Criminalisation de la contestation

L’administration de Javier Milei a non seulement marginalisé les travailleurs, elle a aussi activement supprimé leur droit de manifester. De nouvelles lois imposent des sanctions sévères aux organisateurs de manifestations sociales, notamment des peines d’emprisonnement pouvant aller jusqu’à six ans.

La police est autorisée à disperser les manifestants et à les menacer de suppression de l’aide sociale versée par les autorités s’ils résistent. Entre-temps, le budget de la sécurité intérieure a considérablement augmenté. Ces actions s’inscrivent dans le cadre d’une attaque plus générale contre les syndicats, et les dirigeants syndicaux font l’objet de campagnes de diffamation et de harcèlement institutionnel.

Cette répression, amplifiée par une armée parallèle de « trolls » sur les réseaux sociaux, rappelle sans ménagement que le gouvernement de Javier Milei privilégie les intérêts du capital plutôt que les droits de la population.

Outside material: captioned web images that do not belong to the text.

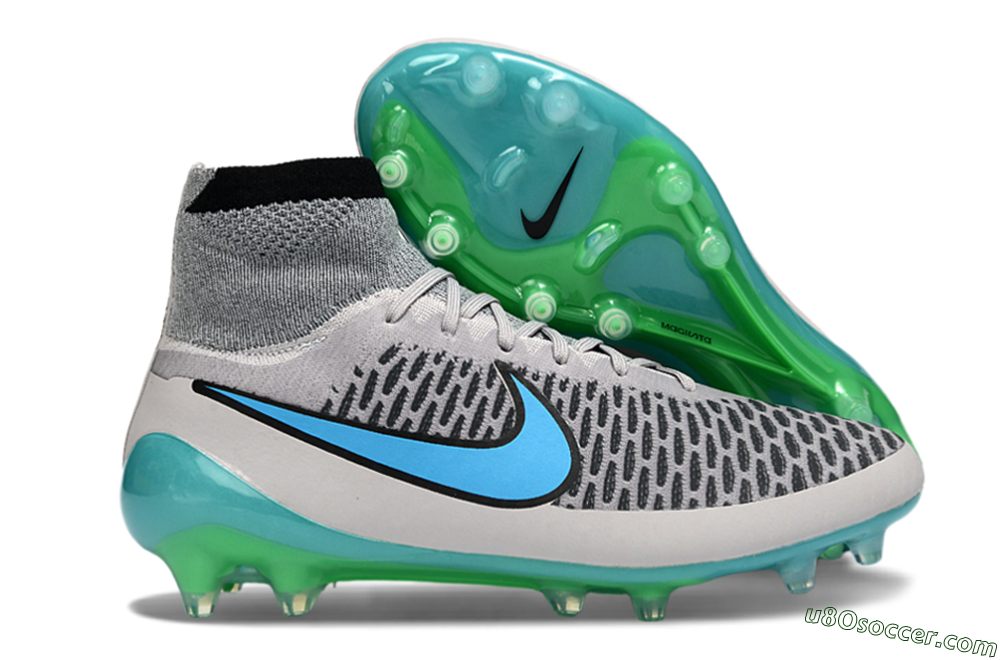Nike Magista Obra FG Firm Ground Soccer Cleats - Grey/Aqua Blue/Luminous Green 1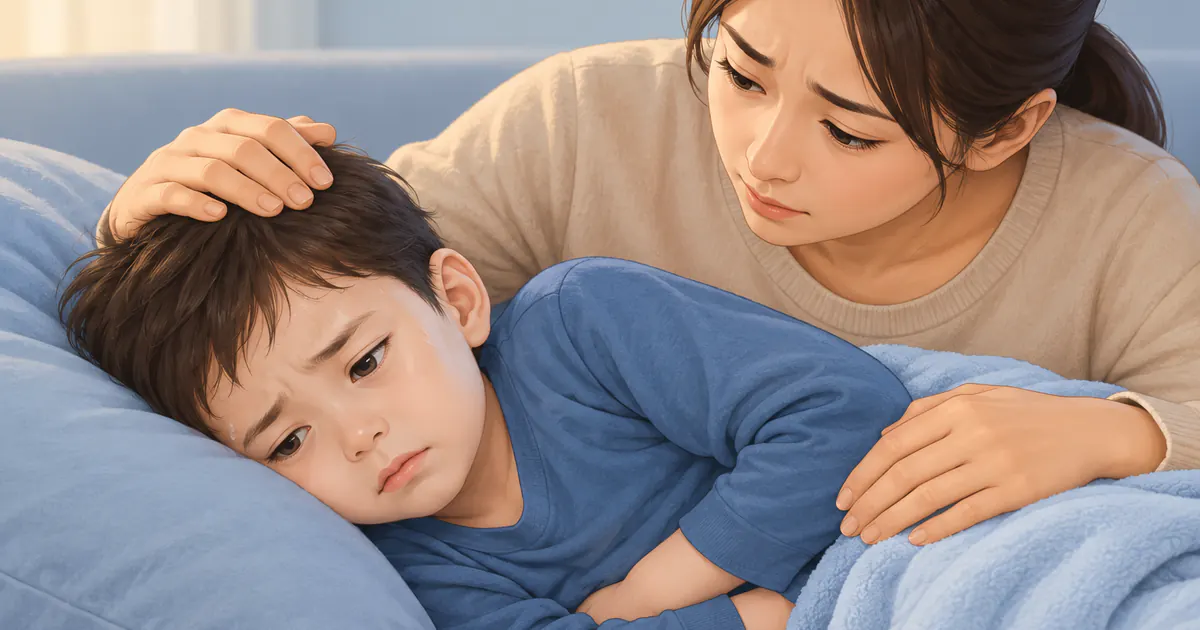 Trẻ nằm nghiêng nghỉ ngơi khi chờ được nhân viên y tế đánh giá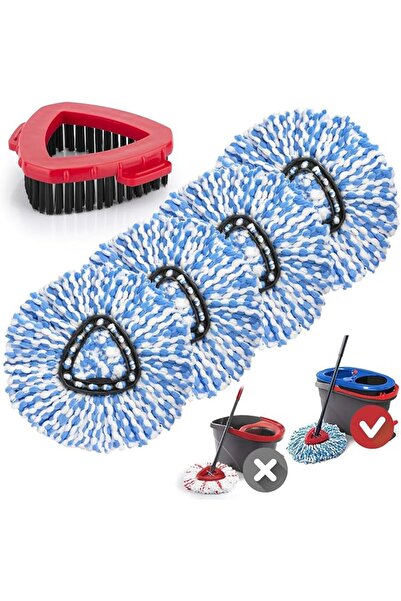 Tazweeq 4 Pack Spin Mop Replacement Heads, with Mop Brush, Washable and Reusa...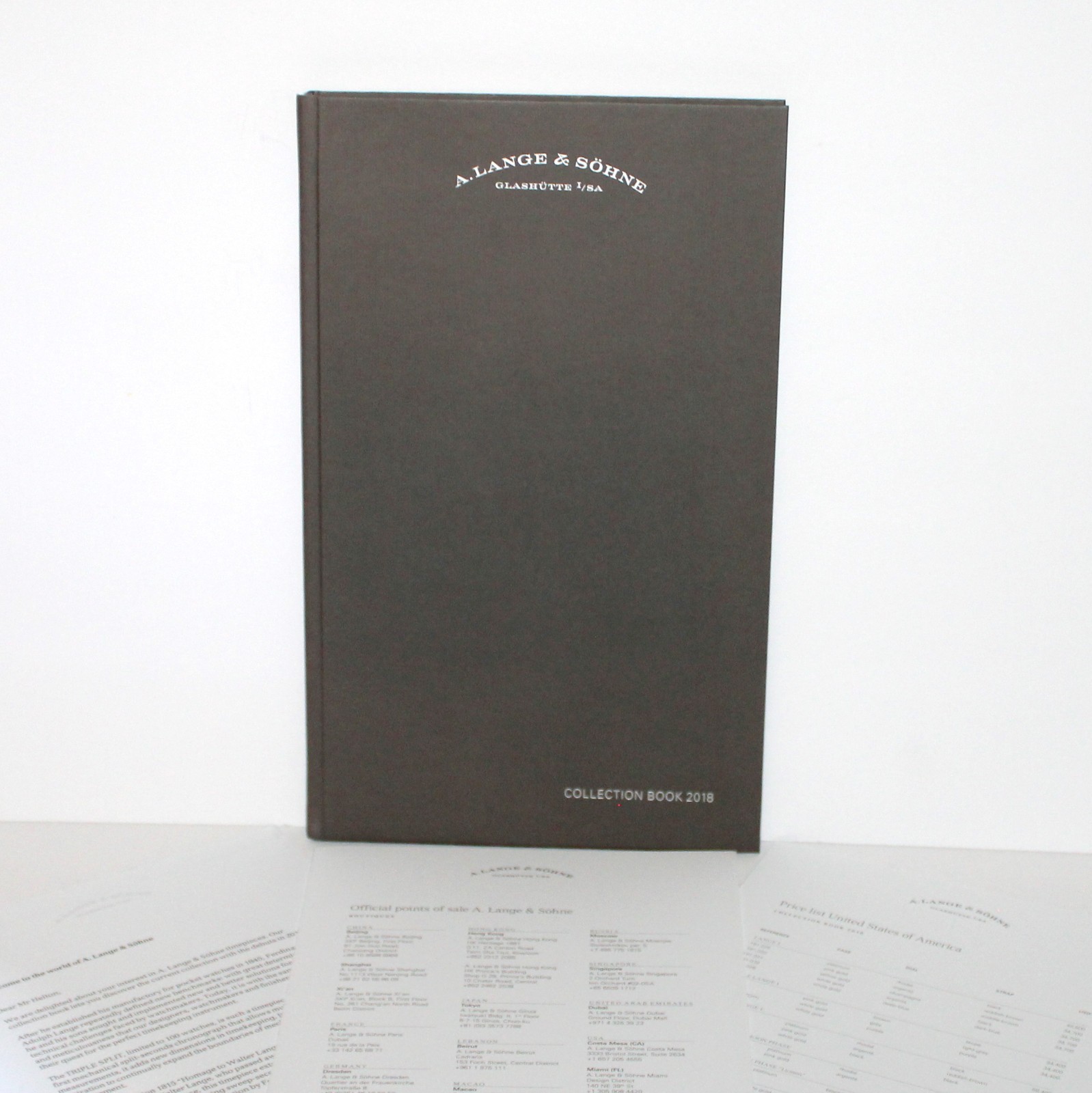 A Lange & Sohne Collection Book 2018 watches catalog paperwork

En étouffant la contestation, il cherche à réduire au silence les voix qui s’expriment pour défendre l’équité et la justice.

Effets de l’inflation et de la comptabilité créative

Le gouvernement affirme avoir agi pour réduire l’inflation, mais la réalité est tout autre pour les travailleurs. L’inflation continue d’accabler les citoyens au quotidien, en particulier pour les produits de première nécessité comme la nourriture et les services publics, qui ont connu les plus fortes hausses de prix. En utilisant un système de mesure de l’inflation obsolète, le gouvernement occulte l’ampleur réelle de la crise, ce qui ne fait qu’éroder la confiance à l’égard des institutions publiques.

La « comptabilité créative » s’étend également à la politique budgétaire. Les excédents annoncés excluent des milliards de pesos de contributions impayées, ce qui n’apporte aucun soulagement réel aux travailleurs, qui voient leurs revenus continuer de perdre de la valeur.

Quels sont les enjeux ?

L’expérience économique de Javier Milei marque une rupture brutale avec les traditions argentines de solidarité sociale et d’engagement pour les droits et l’autonomisation des travailleurs. Ses politiques démantèlent les mécanismes qui soutenaient autrefois une croissance généralisée et les remplacent par une approche étroite de l’efficacité axée sur le marché, en faisant l’éloge des monopoles, comparés à des « héros ».

Mais à qui cette efficacité profite-t-elle ? Aux travailleurs qui se battent pour nourrir leur famille ? Aux retraités dont les économies ne valent plus qu’une fraction de ce qu’elles valaient autrefois ? Aux jeunes qui entrent sur un marché du travail dépourvu d’opportunités ?

L’histoire montre que de telles expériences sont rarement couronnées de succès. L’Argentine a déjà connu des tentatives de restructuration néolibérale du même ordre, qui ont échoué et laissé des stigmates durables: augmentation de la pauvreté, affaiblissement des institutions et dégradation de la cohésion sociale.

L’administration de Javier Milei, focalisée sur les gains à court terme pour l’élite et tributaire de la spéculation financière internationale, reste sourde aux dommages à long terme infligés aux bases mêmes de la société argentine.

La voie à suivre

Notre rôle de syndicalistes nous porte à présenter une vision alternative ancrée dans l’équité, l’inclusion et la dignité. Nous devons militer pour:

  • Le rétablissement des droits du travail: Protéger la négociation collective et veiller à ce que chaque travailleur et travailleuse soit traité avec respect et équité.
  • La reconstruction des services publics: Investir dans l’éducation, la science, la santé et les infrastructures pour créer des emplois et améliorer le niveau de vie.
  • La lutte contre les inégalités: Mettre en œuvre une fiscalité équitable et des politiques de redistribution pour combler le fossé entre les riches et les pauvres.

Les trois principaux syndicats argentins saisissent le Comité de la liberté syndicale de l’OIT au sujet de la violation des conventions 87 et 98 de l’OIT et de plusieurs normes constitutionnelles de la part du gouvernement.

La lutte pour les droits des travailleurs est une lutte pour les fondations de l’Argentine. Nous ne pouvons pas permettre que la présidence de Javier Milei laisse en héritage des familles déchirées, des rêves brisés et des opportunités perdues.